あらためて見てみれば、確かに屋台のすぐそばに店舗があって、店先にいろんな肉が並べられている。
串焼きの屋台は、客引きと宣伝を兼ねているそうだ。
店舗のほうは主に彼の嫁と息子が回しているらしい。
乃詠は〈アイテムボックス〉からドロップ肉を取り出し、葉っぱの包みを開いて店主へと差し出した。
もちろん、すでに浄化済みのものだ。
「これでどうでしょうか」
「こいつぁジェノサイドベアの肉じゃねぇか! C+ランクの中でもジェノサイドベアはかなり狂暴だって話で、めったに手に入らねぇのに」
(まぁ、汚染されてたやつだけど)
とはいえ、なんかやっちゃった感。
等級も高く、美味であることは知っていても一般的な価値など知らないし、何より一番たくさんあるのがジェノサイドベアの肉なのだ。なぜか。

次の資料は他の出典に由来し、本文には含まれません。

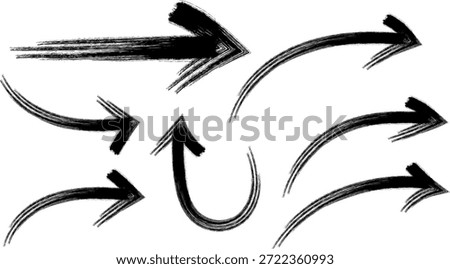 A collection of hand-drawn brushstroke arrows indicating direction and movement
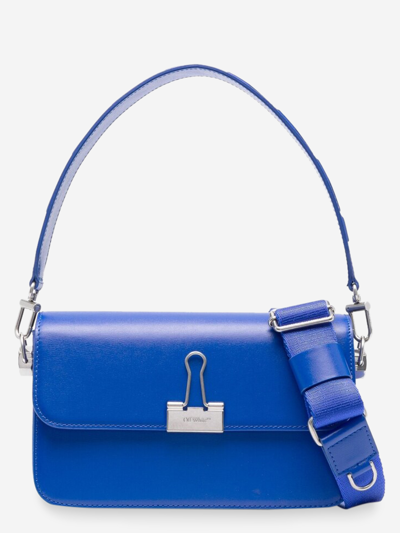 Off-white Binder Leather Tote Bag In Blue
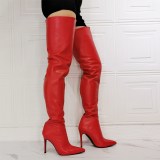 Arden Furtado Winter  fashion pointed toe After the zipper Women's boots sexy red Stilettos heels over the knee boots  46 47 new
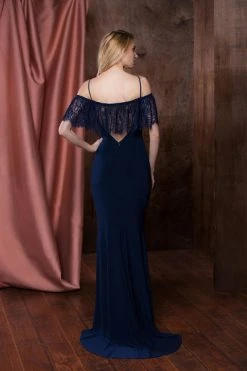 Colors Dress - 1753 Sheer Lace Paneled Off Shoulder Sheath Dress - 1 Pc Wine In Size 18 Available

「はぁー。嬢ちゃん、見かけによらず強ぇんだな……いや、強いのは兄ちゃんたちか? 確かに、赤髪の兄ちゃんは見るからに強そうだ」
「あぁ? ざけんな。こん中で一番強ぇのはノふぇっ」
余計なことを言うコウガの口を、乃詠が神速で塞ぐ。
こういうところ、彼はストイックなのだ。感心はするが、世の中には言わなくていいこともたくさんある。

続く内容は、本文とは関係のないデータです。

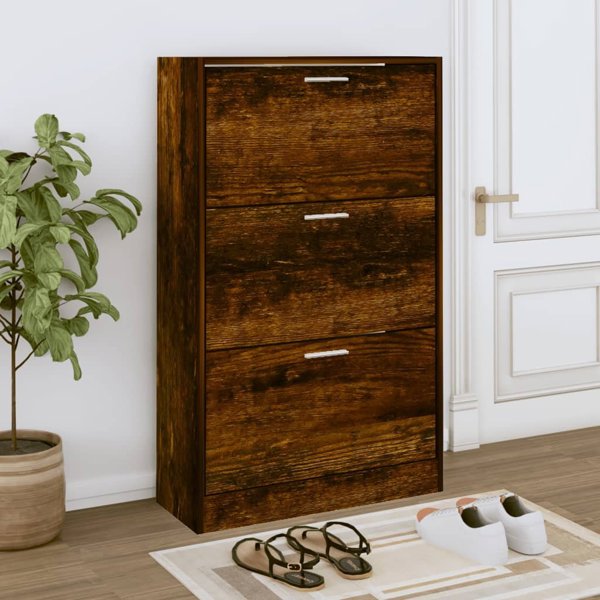 vidaXL Ράφι παπουτσιών, καπνιστή δρυς, 63x24x103 εκ.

「ジェノサイドベアの肉塊一つ、25万オルカだ。兄ちゃんが食べた分――200オルカを差し引いた金額になってる。確認してくれ」
店主に肉を渡し、代わりに金貨二枚と大銀貨五枚を受け取った。
通貨単位と貨幣は、一部の地域や国を除いて全世界共通らしい。
1オルカが鉄貨、10オルカが銅貨、100オルカが大銅貨、1000オルカが銀貨、1万オルカが大銀貨、10万オルカが金貨、100万オルカが大金貨、1000万オルカが白金貨となっている。